[...] My main question at this point would be: Where exactly is that notion of an "overlay" coming from? From my understanding of the overall system architecture this would just be an "additional" ports tree.
Maybe I'm missing the essence of your question but, if you see it as 'just be an "additional" ports tree' how would you easily integrate your private ports tree with the standard ports tree, other than via this overlay option? The
-O option enables you to append your private ports tree during a bulk build.
The principle of
Overlay (programming)* allows for working with multiple units or segments treated as one—more or less (restrictions apply). Overlay programming was needed when main memory is too small to have a program completely loaded; this was before the era of virtual memory. For environments without virtual memory management this still applies today, especially in embedded applications.
I don't know to what extent poudriere implements overlays however, I think I can say that you don't have to bother yourself with possible memory restrictions when adding one or more separate private ports trees as overlays.
A specification of overlays defines how segments of a program are related to each other and is usually passed to the linker; overlays can be defined recursively. The specification is used to allow for an overlay segment to be loaded automatically from secondary memory (=disk) to main memory when execution must continue in that segment. Responsible for this automatic loading at runtime is an overlay manager. Thus, after the puzzle of selecting all segments and integrating them into an overlay design, the programmer does not have to inject extra code that explicitly loads segments at runtime when they are needed. On the other hand, when an overlay manager is absent, it's the programmer's responsibility to explicitly call an overlay, for example from
FORTRAN source code.
The picture below shows an example of the logical structure of individual segments. Because of memory constraints, segments A, B and C can not to be in main memory at the same time. In this tree structure the main program functions as root. As the program is running, execution moves from one segment to another; this is visualised by the bended green arrows which represent calls (returns from calls are not shown). When execution starts in the root and following successive calls from one segment to the next, the sequence of segments from the root to the segment where the code is executing is called a path. During execution, calls must be made along those paths defined by the logical structure. A call across the tree (an exclusive call), for example from segment A to segment B is not possible. The layer of segments can be extended by another level as can be seen by segments D & E and, as before, the segments D & E cannot be in main memory at the same time.

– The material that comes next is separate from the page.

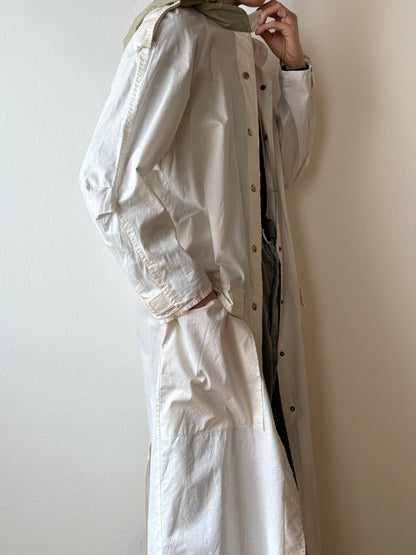 light cotton spring coat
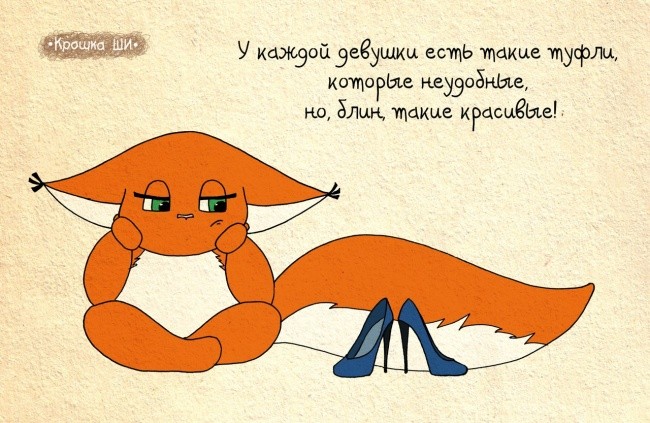 Белка Ши как типичная представительница девушек-14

This layout means that when segment C is loaded in main memory A & B are not. When a call is made from segment C into either D or E, the overlay manager loads the appropriate segment into main memory, if it is not already loaded. Suppose we have the situation that code of segment D is already executing. That means that segments C and D are in main memory, in addition to the main program. When the call returns from segment D to C and when, at some point in time, a call is made into segment E then E is loaded into main memory. Of course segment D is discarded from main memory by this action.
The specification defines how segments are related to each other and defines the overlay structure. I now do not consider segments D and E any further. By defining segments A, B and C as
Overlay 1,
Overlay 2,
Overlay 3 respectively, the overlay structure is shown (from
Overlay (programmierung)) in the picture below (the overlay manager is not shown).

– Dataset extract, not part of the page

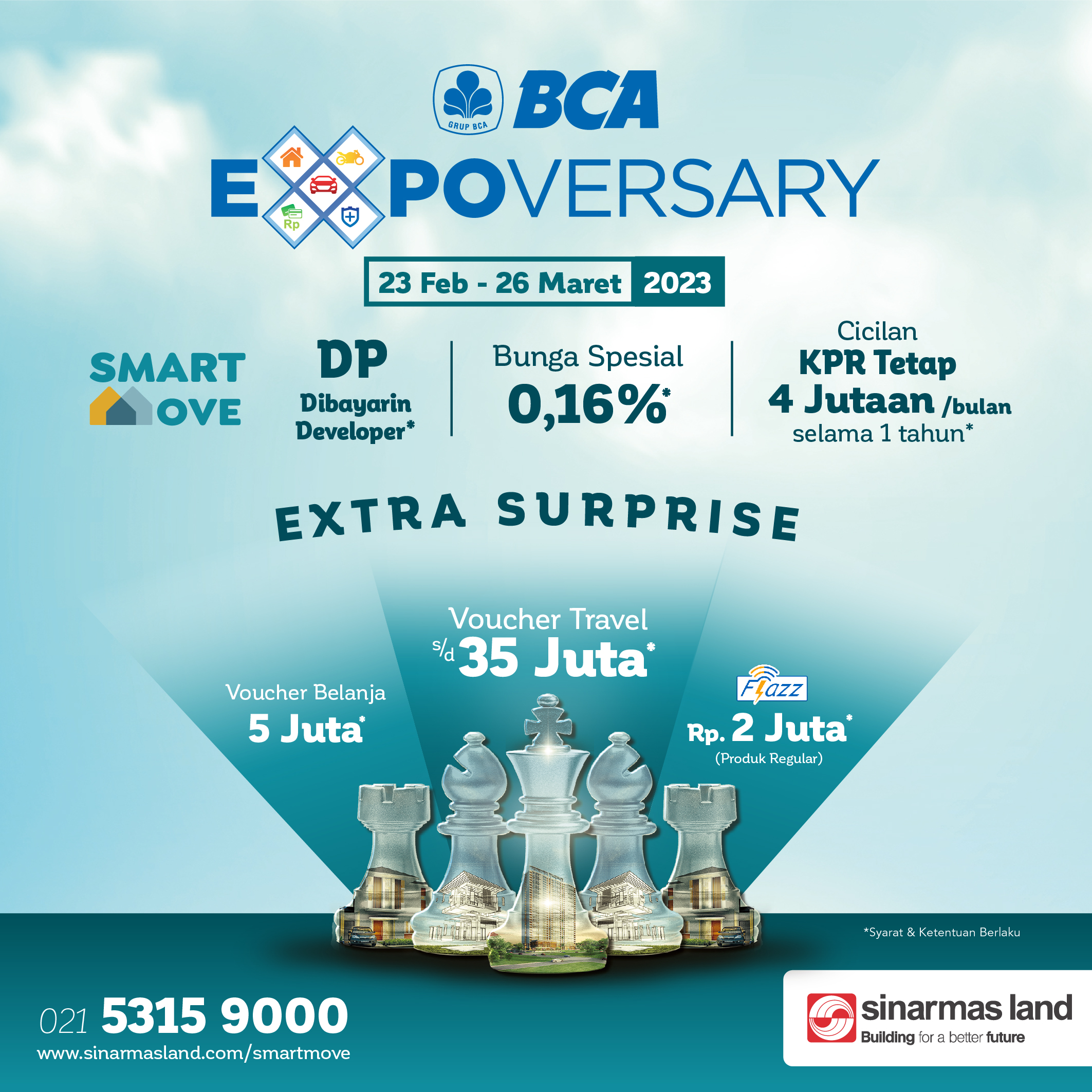 BCA Expo Sinar Mas Land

It is important to realise that this tree structure formed by overlays is not the tree structure inside either the standard ports tree or your private ports tree.

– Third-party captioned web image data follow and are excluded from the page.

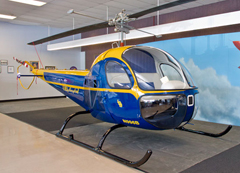 Larry Bells 1955 Bell 47H-1 N996B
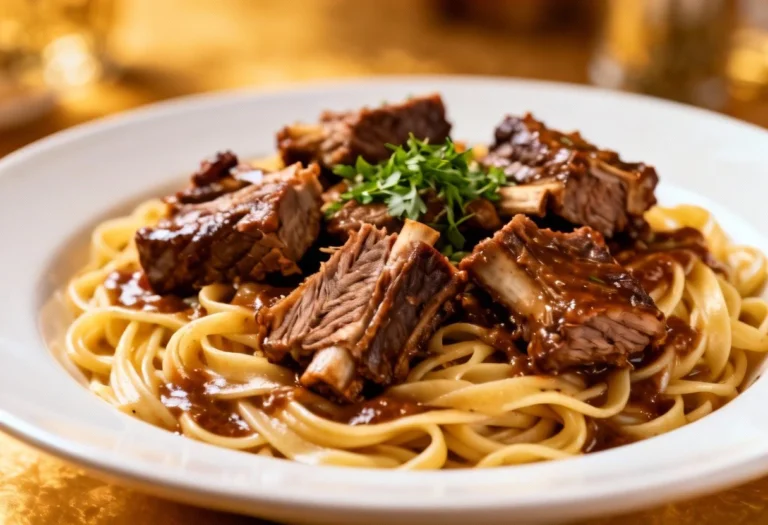 Short Rib Pasta Recipe: Fall-Off-The-Bone Flavor in Every Bite!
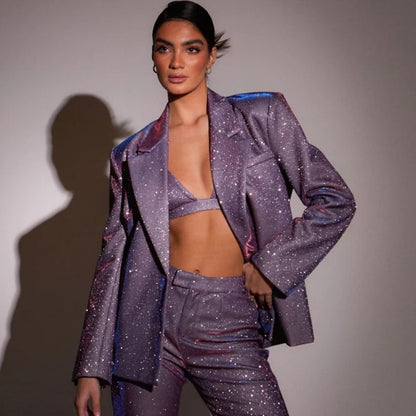 Kylie™ | Glitzerndes Party-Set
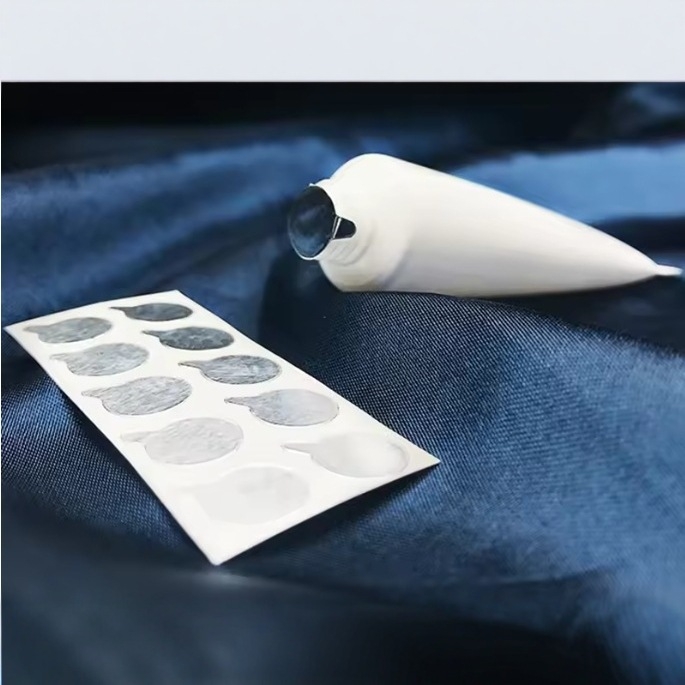 Alumíniumfólia tömítőfólia tömítőfólia bőrápoló kozmetikai tömlőpalack ragasztó krémápoló palack 500 darab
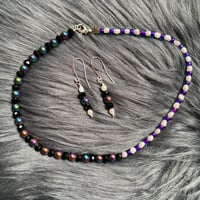 Image 4 of Split Decision Pearl Necklace 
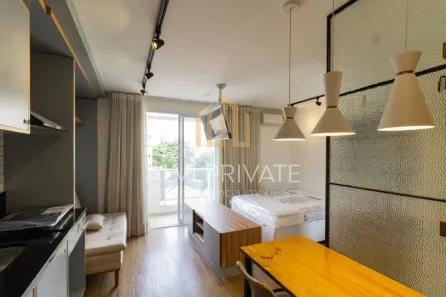 Apartamento com 1 Quarto para alugar, 30m² no Perdizes, São Paulo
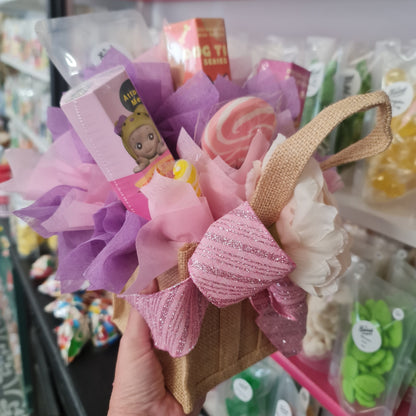 Sonny angel and lolly bouquet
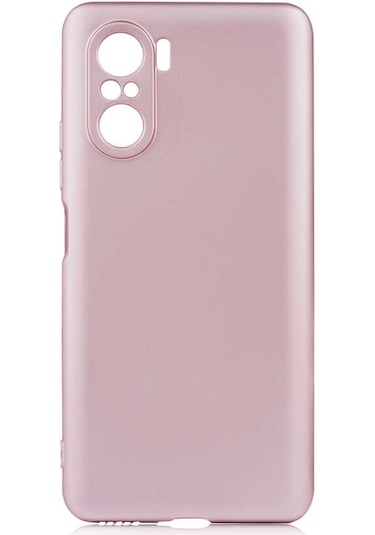 Xiaomi Mi 11i Kılıf Zore Premier Silikon Kapak Rose Gold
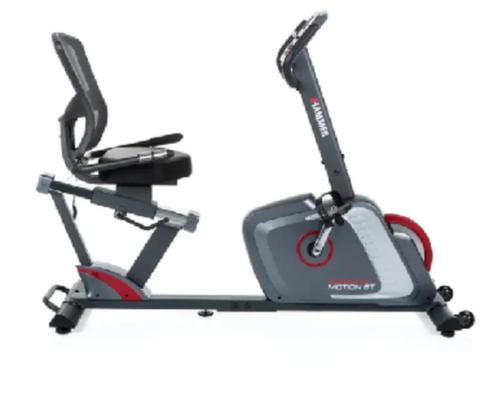 Hammer Comfort Motion BT Recumbent Bike | Lig Fiets, Sport en Fitness, Fitnessmaterialen, Zo goed als nieuw, Armen, Benen, Borst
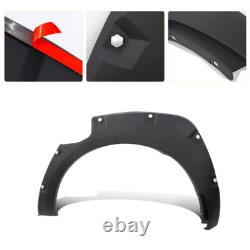 Matte Black Wide Wheel Arches Kit for Nissan Navara NP300 D23 2015-2020 AD BLUE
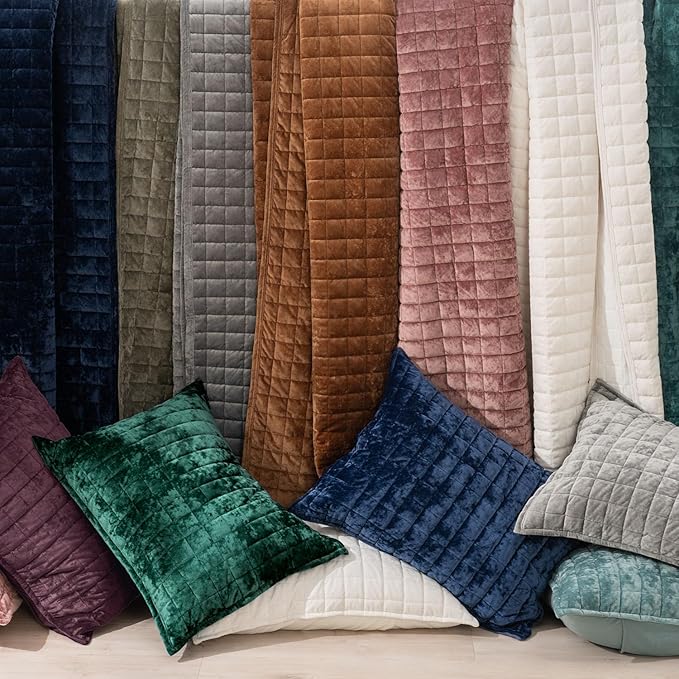 Velvet Quilt Set - King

Suppose you have the ports
accessibility/sct &
www/firefox and in addition to that you have your private port
tools/tool1 in your
privateportstree, structured in the same way as the FreeBSD ports tree as
SirDice suggested.
Without overlays:
Code:
# poudriere bulk accessibility/sct www/firefox -p default; poudriere bulk tools/tool1 -p privateportstree
With overlays:
Code:
# poudriere bulk accessibility/sct www/firefox tools/tool1 -p default -O privateportstree
I think the advantage will be more obvious when this
-O option is used in combination with the
-f option to specify the ports in a separate file.
Note that if a port in your
privateportstree depends on a port in the default ports tree, the first option will not work. For that you have to integrate the two trees, for example via git; but then you'll have created a new ports tree. Another tree that you'll have to maintain as the default ports tree gets updates, as well as your
privateportstree, when you produce more code.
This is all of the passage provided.